*** Data section ***

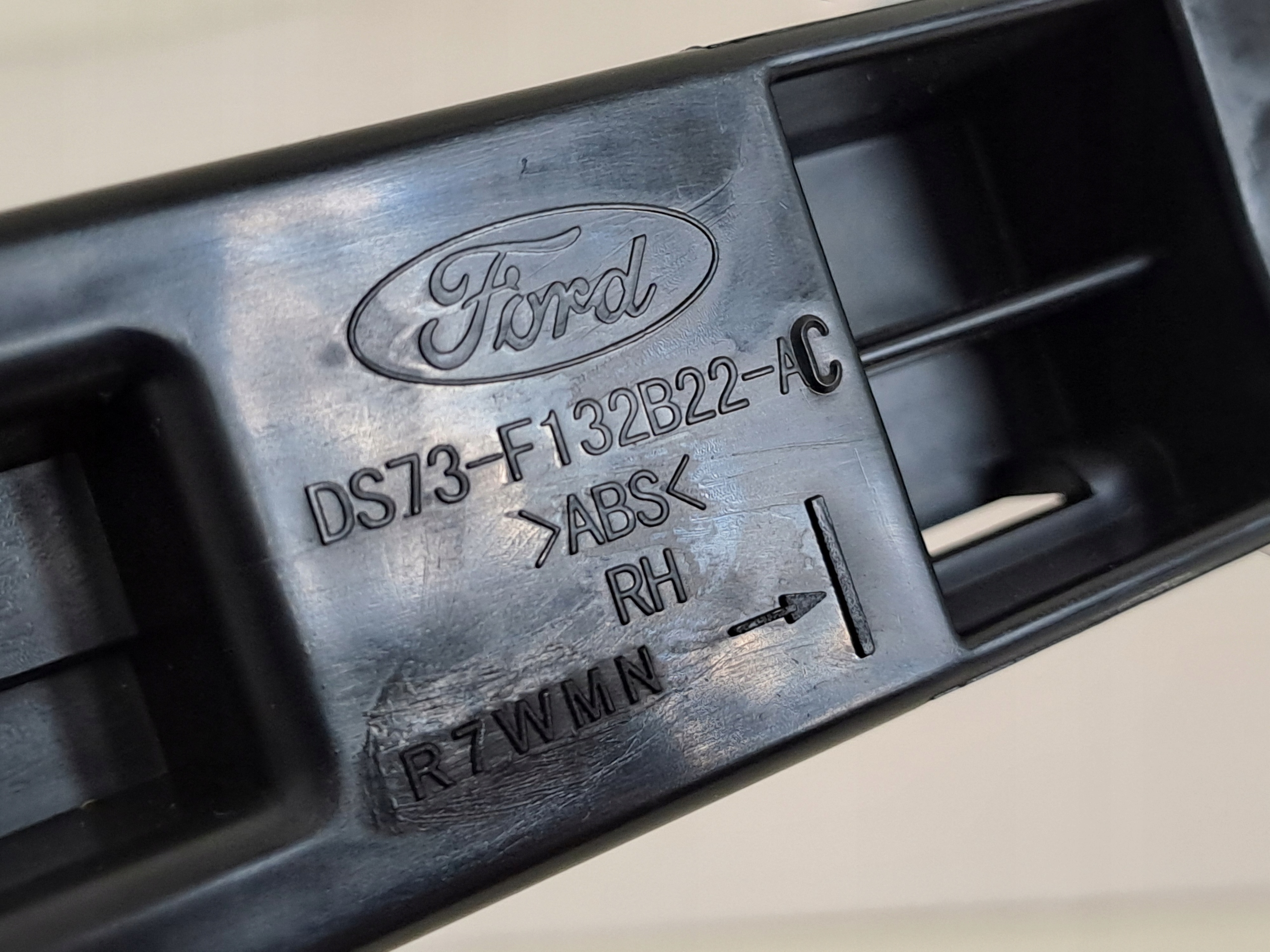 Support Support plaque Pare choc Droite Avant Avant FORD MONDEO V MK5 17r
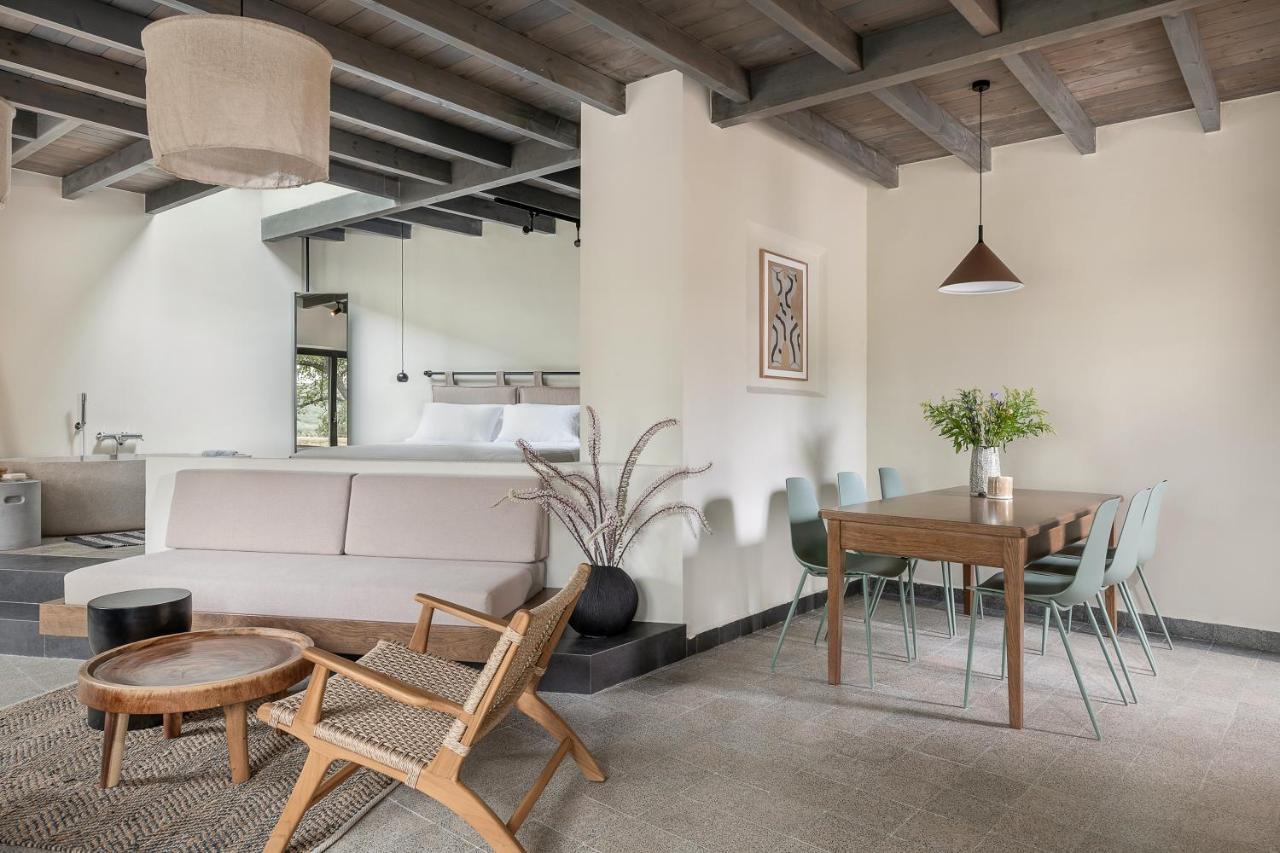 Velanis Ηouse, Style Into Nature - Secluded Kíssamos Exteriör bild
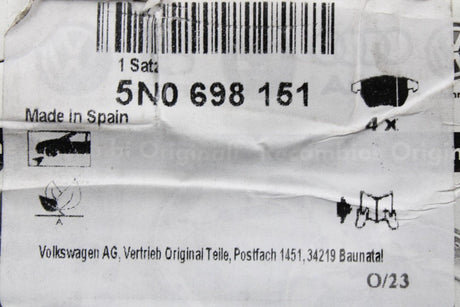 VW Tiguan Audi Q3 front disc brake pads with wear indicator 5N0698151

*** End of Data section ***

§ Your task
The range to set down runs from the line containing "Velanis Ηouse, Style" through the final line of the data, both ends included; give it exactly and drop the pictures.

§ Response area
 Velanis Ηouse, Style Into Nature - Secluded Kíssamos Exteriör bild
 VW Tiguan Audi Q3 front disc brake pads with wear indicator 5N0698151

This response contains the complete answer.